En países con democracias consolidadas, el sector público captura a los talentos jóvenes, quienes aceptan salarios bajos a cambio de la experiencia de atender asuntos relevantes. Cuando las condiciones de trabajo ya no alcanzan para retenerlos, migran a espacios con mejores remuneraciones. El camino inverso suele darse en la alta dirección pública, en la que el especialista privado desea aportar su expertise en temas de gran importancia para la sociedad. Ninguno de estos procesos de migración es esencialmente malo: si existe un control adecuado de los asuntos en los que la persona participa, la sinergia público-privada favorece a todos.
En síntesis, las puertas giratorias no son negativas en sí mismas —ya que favorecen la especialidad y mejora de aptitudes—, lo inadecuado es que el cambio de casacas se haga por intenciones corruptas.
Lo que causa el manejo de información privilegiada es la falta de supervisión específica: si un servidor público deja su cargo para trabajar con una de las entidades que antes regulaba, lo que se necesitan son controles y remedios. Resulta más efectivo, para inhibir el uso abusivo de datos, las restricciones a participar en licitaciones o la nulidad de contratos, que crear senderos paralelos para las burocracias públicas y privadas.
De hecho, la prohibición de diez años para trabajar en empresas del sector, incentiva la corrupción. Como se señaló en los párrafos previos, el tráfico de información privilegiada no requiere de nombramientos: un café con un tip adecuado, remunerado con un Rolex Midas, un tiempo compartido en Bermudas o un Porsche Panamera, del que se entregan las llaves, no es tan fácil de detectar.
Otra consecuencia negativa de la prohibición es el desaliento a participar en el gobierno. Los más capaces y talentosos no encontrarán incentivos suficientes para trabajar en un lugar con malos sueldos y que les restringe cualquier probabilidad de mejora salarial y formativa durante una década. Por mero costo de oportunidad, los que opten por el servicio público serán los menos capaces, ya que los más aptos buscarán, desde el comienzo de sus carreras, la actividad privada. En consecuencia, el gobierno habrá perdido el acceso a las inteligencias tempranas que, hasta ahora, habían buscado espacios en la función pública.
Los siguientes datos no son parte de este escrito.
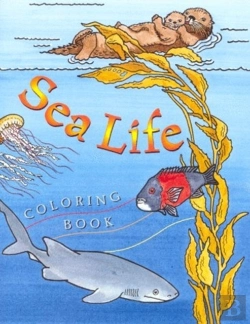 Bertrand.pt - Sealife Coloring Book Pb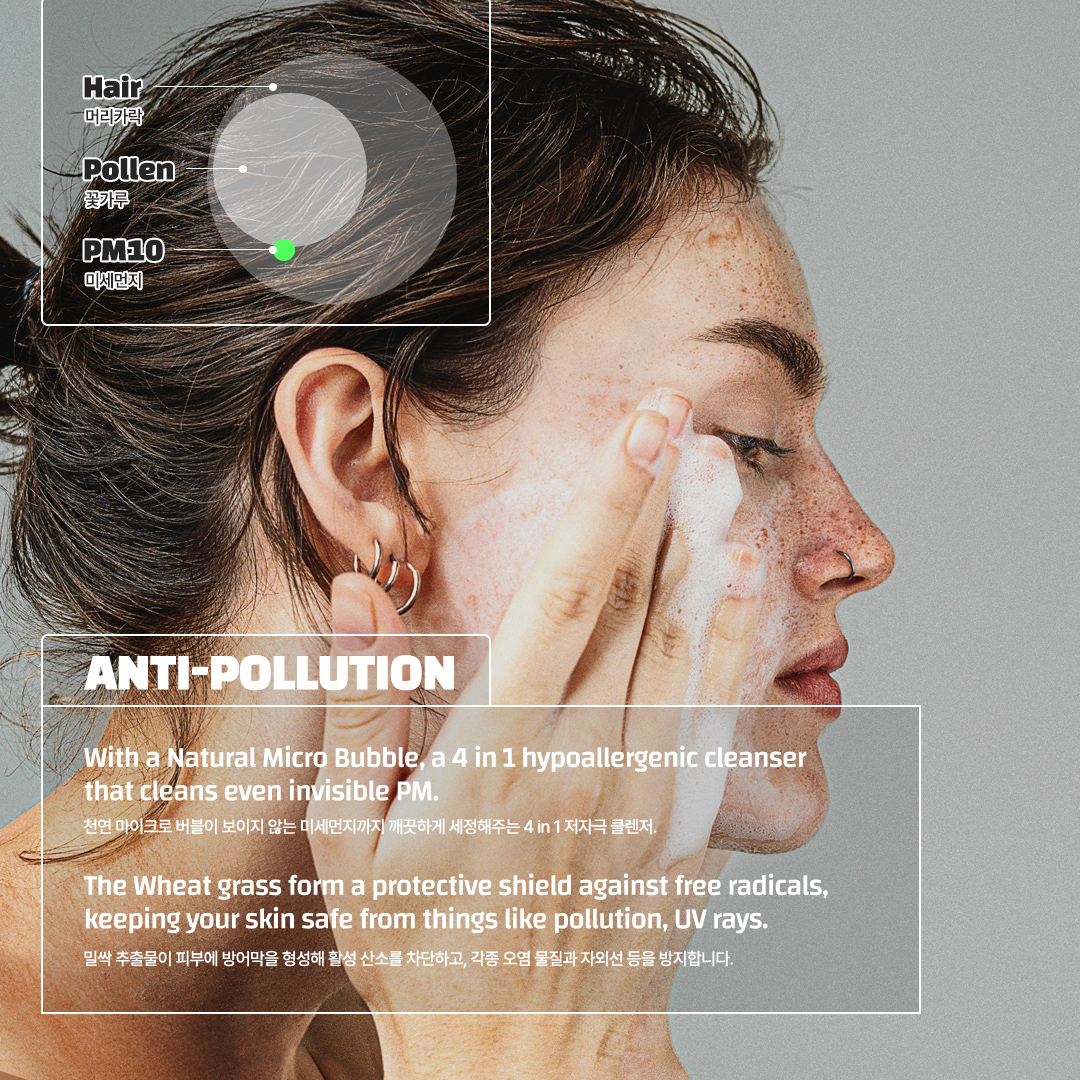 4 in 1 Facial Cleanser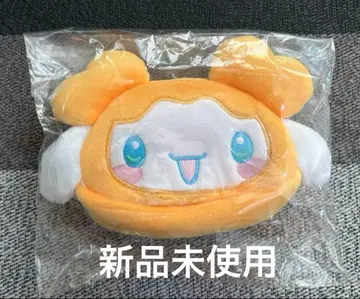 TWICE 산리오 캔 배지 파우치 지효 시나몬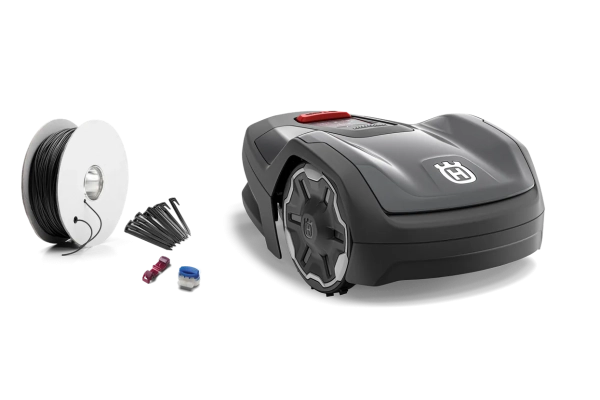 Husqvarna Automower® Aspire™ R4 with installation kit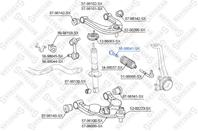 55-98041-SX_тяга рулевая! Toyota Land Cruiser GRJ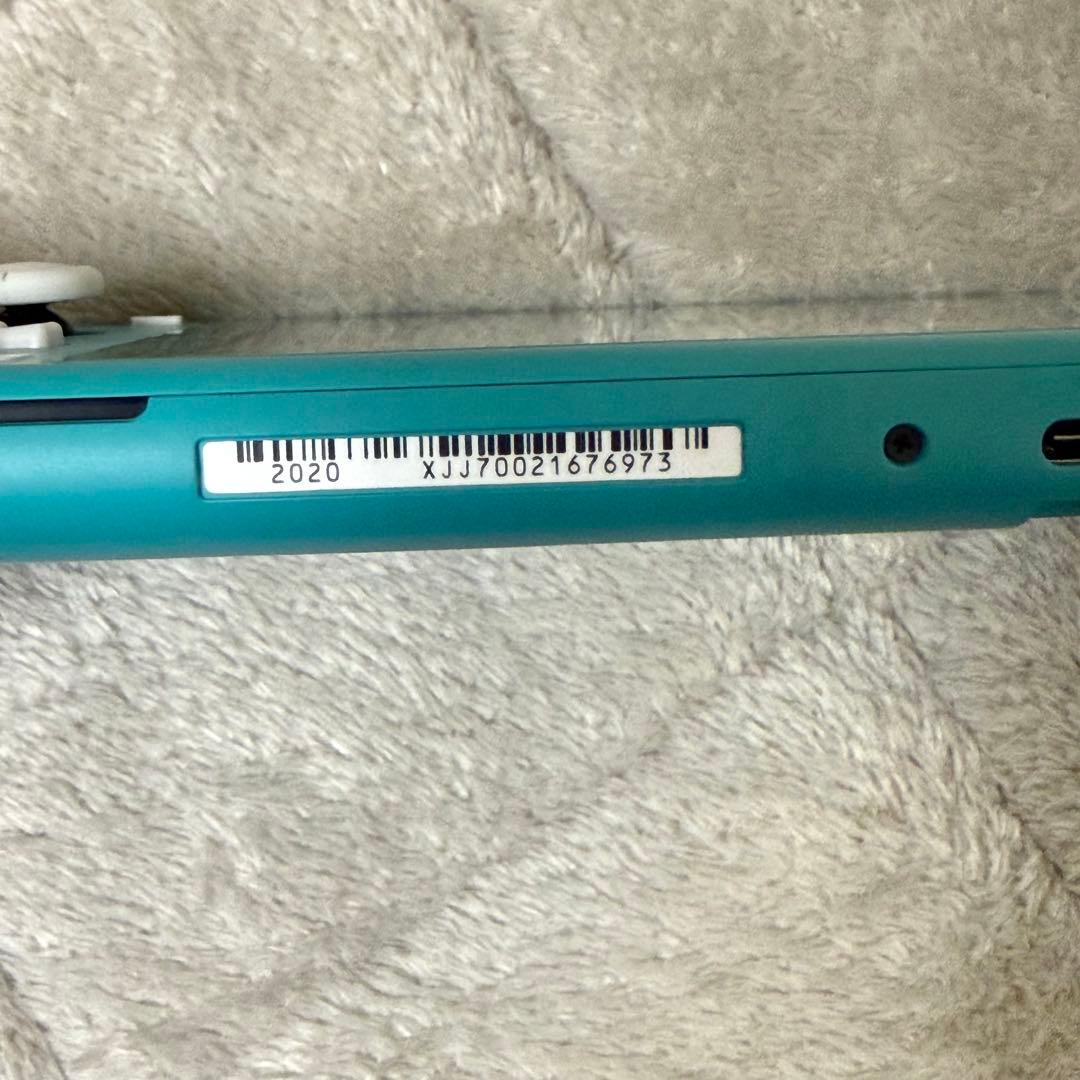Nintendo Switch Lite ターコイズ本体＋microSD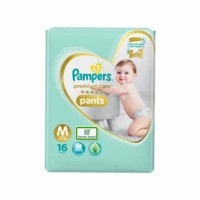 Pampers Premium Care Pants Diapers - Medium - 16 Count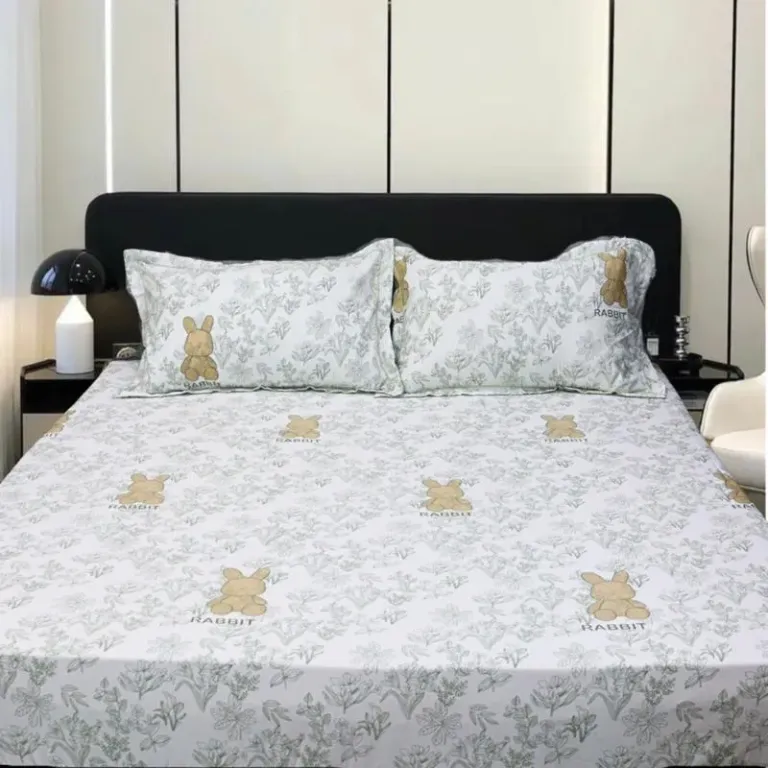 Bộ Ga Gối Lụa Thái 3 Món 1 Ga 2 Vỏ Gối Nằm An Như Bedding - Nhiều Mẫu Đẹp, Nhiều Size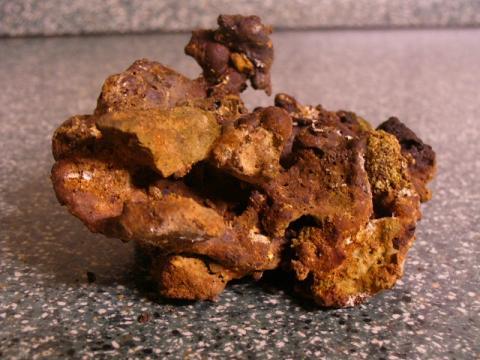 Brauner Klumpen - (Chemie, Kamin, Kohle)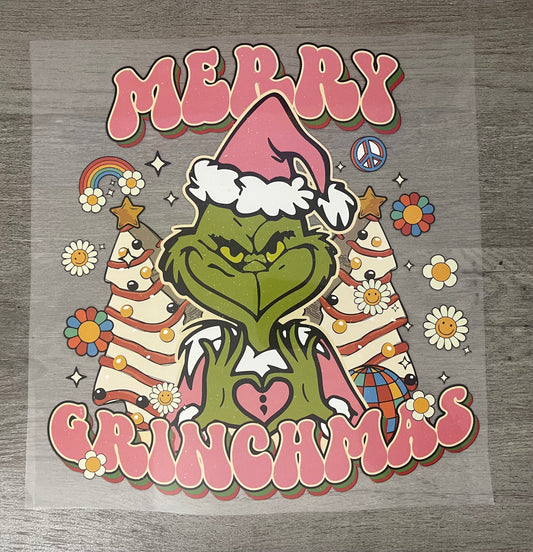 Merry Grinchmas {Regular & Plus}❤️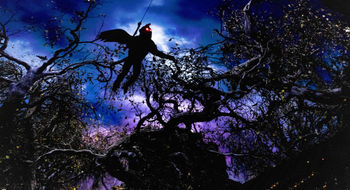 New, larger animatronic winged monkeys are among the enhanced effects at “The Wizard of Oz at Sphere.”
La estrategia de tirar el agua sucia con todo y niño, tan común en la 4T, sólo evidencia el odio de clase de este gobierno: le irrita que las personas vivan cómodamente de su trabajo, de la misma forma que detesta que “quisieran hacer un Santa Fe” donde está el actual aeropuerto de la Ciudad de México o que reclamaron que —en su opinión— las instalaciones de Texcoco fueran a ser lujosas. Este gobierno confunde austeridad con miseria y estrechez, refleja su origen resentido en su discurso demagógico y aplica un criterio de igualdad execrable: que todos tengan condiciones de vida limitadas. Iguales sí, pero en la pobreza.
A los perjudicados por esta legislación les quedaría acudir al amparo, por violaciones flagrantes a la libertad de trabajo reconocida en el artículo quinto constitucional. No obstante, para los que se encuentran en los extremos, bien porque comienzan su vida profesional o porque ya tienen una experiencia consolidada, la ley de austeridad republicana es una pésima noticia, ya que resulta más barato no cruzar caminos que defenderse a punta de amparos.
Los gobiernos deben facilitar las actividades productivas, la calidad de vida y el crecimiento económico. Cada vez que obstaculizan alguna de estas cuestiones, demuestran su ineptitud y vocación a molestar a los ciudadanos. Una autoridad que solo estorba confirma su impertinencia: la demolición de las puertas giratorias es una evidencia incontestable de que no entienden que no entienden. Por el bien de México, lo mejor que pueden hacer esos congresistas es dejar de legislar: en su caso, ya es ventaja que no empeoren más las cosas.